(B.10) Single Regeneration Budget

The London Borough of Bromley claims that the multiplex will attract funding and jobs into the area, so that a vote against the multiplex is a vote against regeneration. NOT TRUE

  1. The Single Regeneration Budget (SRB) funding of £14m did not depend on the multiplex. It depended on 46 projects, 43 of which have been or will shortly be completed. Most of the SRB funds have already been spent on these projects and SRB officers have confirmed that cancellation of the multiplex will not necessarily affect the rest.

  2. Bromley Council's application for £28m of Heritage Lottery Fund money for Park re-landscaping never depended on the multiplex. £26m was refused, purely because the Fund trustees considered the scheme too poor to merit funding.

  3. Neither Bromley nor the developer has considered the loss of jobs which will result from the multiplex, particularly in the local high streets. The multiplex building's restaurants, cinemas and leisure boxes with their 950 dedicated car parking spaces, may well destroy the economy of the Crystal Palace Triangle, which will have practically no parking once the highway "improvements" turn it into a pollution-filled thoroughfare for multiplex customers. The London Planning Advisory Committee has stated that the multiplex scheme is likely to overwhelm the Triangle: we agree.

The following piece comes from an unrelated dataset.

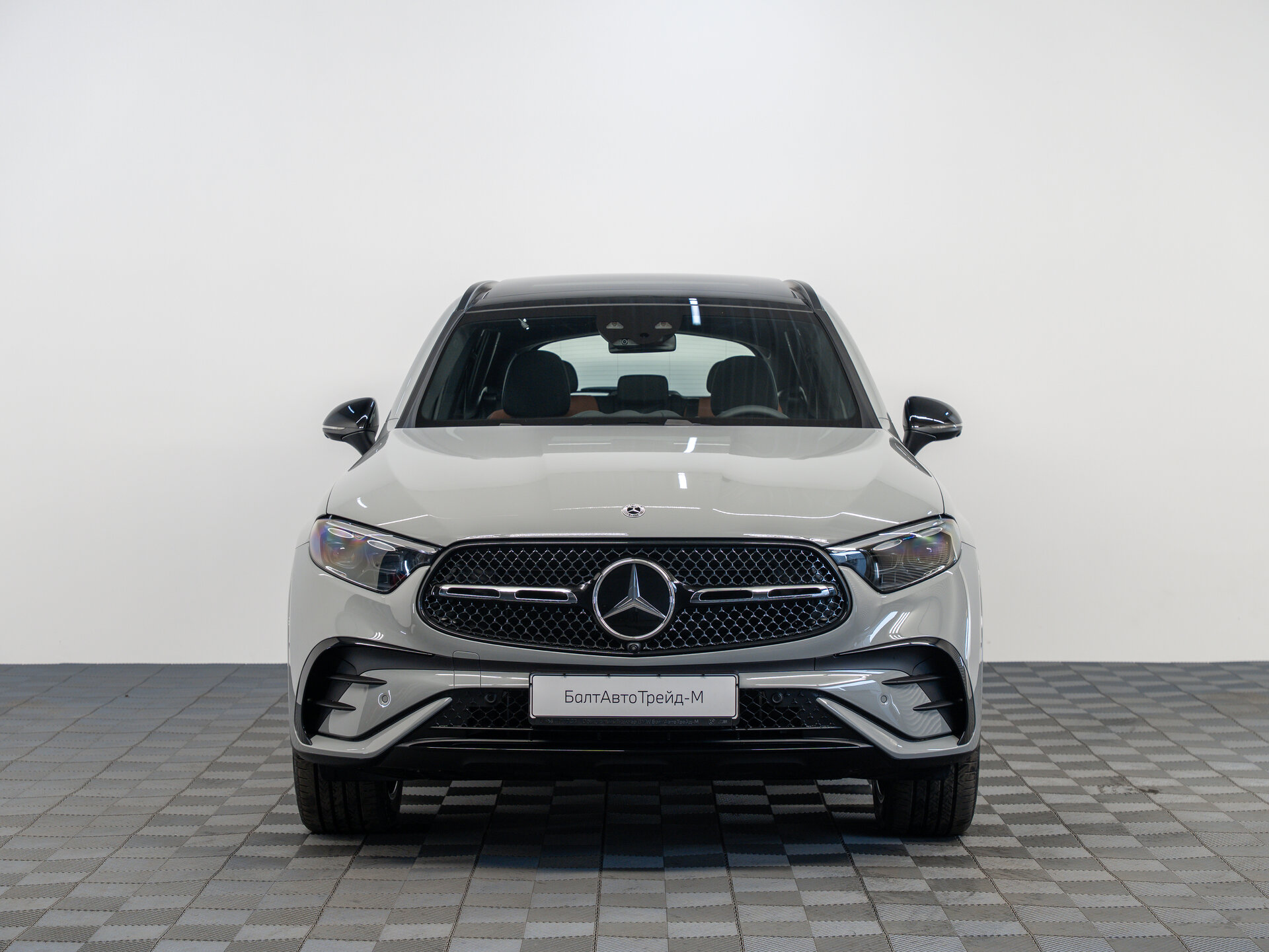 Автомобиль Mercedes-Benz GLC 300 2.0 AT (258 л.с.) 4WD - 2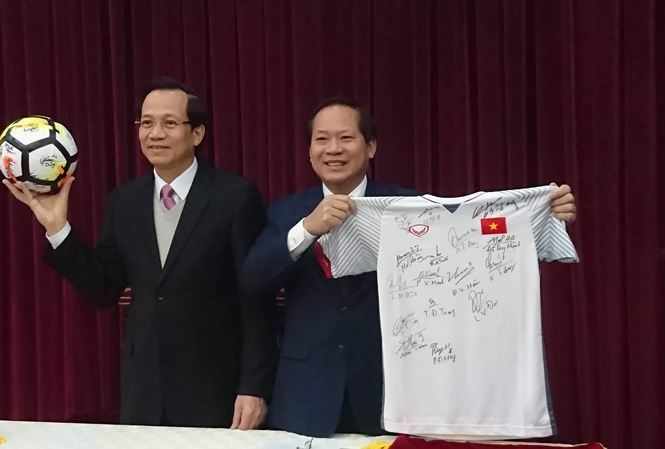 Đấu giá quà U23 Việt Nam tặng Thủ tướng để làm từ thiện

  4. The Council told GOL (Government Office for London) that the multiplex would create 450 "full time equivalent jobs". However, when we probed we were told that it would create 187 full time jobs and 230 part time jobs. If the latter are the equivalent of one fifth of a full time job, the total number of full time equivalent jobs is 233, i.e. half of the alleged total. Even then, we do not believe the figures. The developer suggests that 33 full time jobs would be created in the family entertainment centre. Doing what? Pulling the arms on the bandits?

  5. If there is a need for a huge commercial leisure development, it can go on any of the alternative sites, e.g. adjoining East Croydon Station, where the Council is keen to develop, Bromley South Railway Station, where UCI recently severed its connection, or Battersea Power Station, a leisure proposal which has been frozen for years. None of these would harm the environment, but all would create jobs. The issue is not whether there should be jobs created by commercial leisure, but where.

  6. Alternative proposals for the site would also create jobs. For example, our People's Park proposals were in line with both SRB and Heritage Lottery Fund criteria. But neither Bromley nor the developer will discuss alternative schemes. Even if the park were simply to be beautified, this in itself would regenerate the surrounding area and create jobs, because of the magnetic effect this has on businesses and homeowners. Enlightened town planners, such as those at Barcelona, have understood this for decades. Superb, non-commercial, lottery-funded schemes such as Mile End Park in East London, the Lowry Museum in Salford and the music and arts centre in Gateshead are based on this premise.

  7. Conversely, major retail and leisure schemes tend to create economic desolation in their environs, as the trade is sucked in to the scheme and out of the local economy.